The noindex meta tag can be applied in the head using a tag or as an HTTP response header (X Roots tag). However, the primary role of the noindex tag is to direct search engines to not index the webpage. The search engine bots will still be able to crawl the page but they will not index it.

The most common method of implementing a noindex tag is to apply the meta tag in the page’s head.

It looks like the following and gets added to the head section inside the html of your page.

<meta name="robots" content="noindex">

When search crawlers see the above tag, they avoid indexing that page. Another server side method of implementing these tags is to apply them via X Robots tag which can also be done via the .htaccess file. Both the meta tag and HTTP header have the same impact and you can select the one that is convenient to you.

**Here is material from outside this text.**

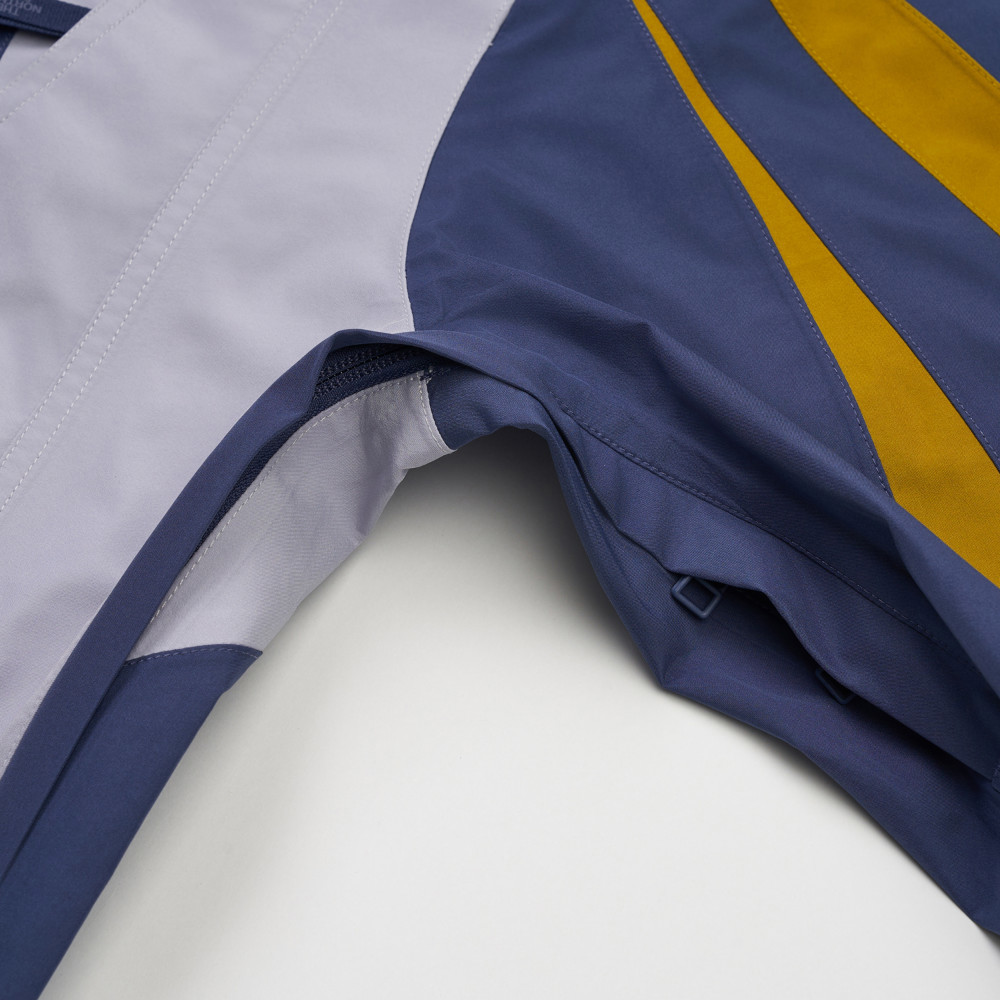 UE男款藍色DRYVENT防水衝鋒衣｜8E5SEIU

Instead of a tag, you can return an X-Robots-Tag HTTP header with a value ofnoindex in the response. You can use a response header for non-HTML resources, such as PDFs, video files, and image files. Moreover, any of the meta tags can also be applied as an X-Robots-Tag header and you can combine multiple headers within the http response. Here’s an example of an HTTP response with an X-Robots-Tag header instructing search engines not to index a page:

HTTP/1.1 200 OK
(...)
X-Robots-Tag: noindex
(...)

What is Robots.txt?

The Robots.txt file is placed at the root of a website and is used to tell search engines which pages to crawl and which to not. You can use allow and disallow directives in the Robots.txt file to tell search engines to crawl or not to crawl certain pages.

For example, a directive like the following in the robots.txt file will allow the search bot to crawl everything on the website:

User-Agent: *
Disallow: 

Whereas, the following directive in the robots.txt file will block everything on the website for the searchbots:

User-Agent: *
Disallow: /

Therefore, it is important to be cautious with the use of directives in robots.txt since a syntax error can prevent your entire website from getting crawled and indexed. Robots.txt errors can prove costly and therefore, it is suggested to be very cautious when using the disallow directives in robots.txt.

When to use the noindex tag

It might have become partly clear to you that the scenarios in which you use the noindex tag or the robots.txt disallow directive are generally different. You must use the noindex tags in the following scenarios:

  • To prevent duplicate results from appearing in searches.

  • To prevent your author or other archive pages from appearing in searches and competing with post urls.

  • To prevent useless pages from appearing in searches.

  • To prevent certain private pages or pages with sensitive information from appearing in searches.

  • Keep temporary pages that will be removed in future from appearing in searches.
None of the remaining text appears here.